AIの時代と法

『AIの時代と法』小塚荘一郎(著)

書評
執筆責任者:chiffon cake
本書はAI活用が急速化しようとする社会に対する現状の法律について考察している。最後にはガバナンスという概念が指針になりうると述べている。本書の特徴について、やはり餅は餅屋というように、法の専門家が書いていること。AIにまつわる世界と日本、それぞれの取り組みが対比的、ときには共通部分があるとして詳細に説明されている。正直お腹いっぱいになるくらいなので説明不足は全く見受けられなかった。ただ私がユーザよりも開発者寄りなので技術内容で疑問を感じる人はいるかもしれない。一方で法に関する事例などは随所にあり、現実で議論の必要性が発生している理由づけになっており、同時に法の限界が示されている証拠の提示でもある。

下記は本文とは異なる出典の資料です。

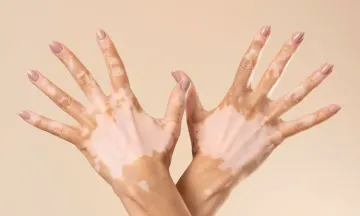 The 'White Lies': Debunking Vitiligo Myths & Facts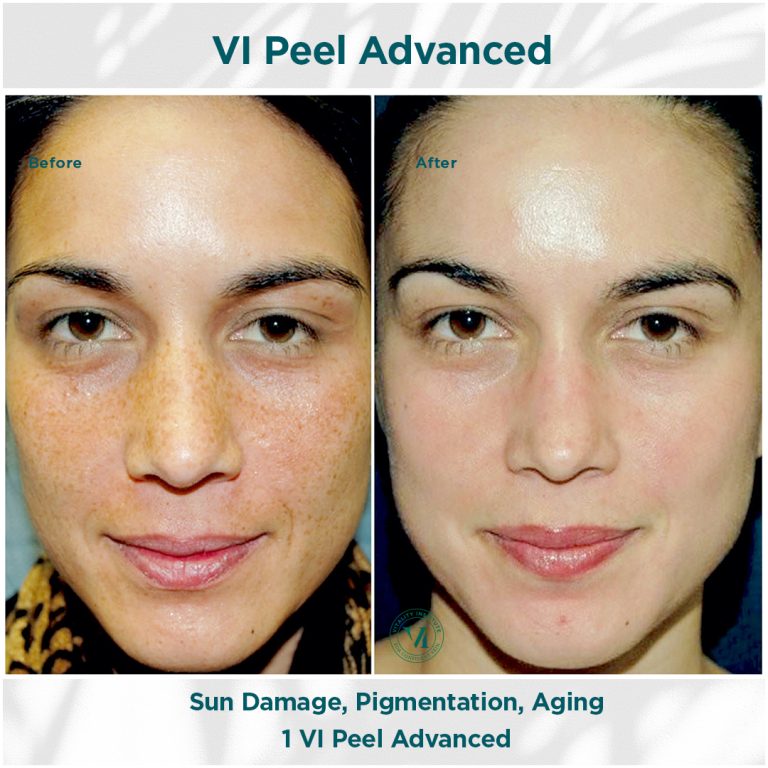 Sun Damage, Pigmentation _ Aging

著者の提言はいろいろあったが、一番は世界と比べて日本はAI開発が遅れているという一般的な考えに反し、むしろ肯定的に捉えているところだろう。現在の法律は元を辿ると中世ローマ法に行き着き、これが日本人の感覚とずれがあったにも関わらず、定着させることに成功した。というのが理由の根拠になっていた。またいわゆる日本企業のガバナンスも、今後のAI開発と相性がいいという。以上が未読の方へ紹介する話。以下は私なりの感想となる。元々法と法律は同じだとも思っていた。本書を読み、法律は国会が定めるルールであること、Yes/Noのような明確な境界を定めるのではなく、あるべき方針を定める方が多いこと、それに基づいて政府の省庁や自治体が作ったルールを含めたものが法体系であること、など知識ゼロの私でもよく納得した。コードは書いた通りにしか動かず、曖昧さが立ち入る余地がない。しかし現実の法は曖昧さを残している。書籍で紹介されている自動車のスピード超過の判定が良い例である。そして何より、曖昧さを残す原因となる複雑な要因に対して、どうアプローチするかは開発する側の勇気と手腕がいるのだろう。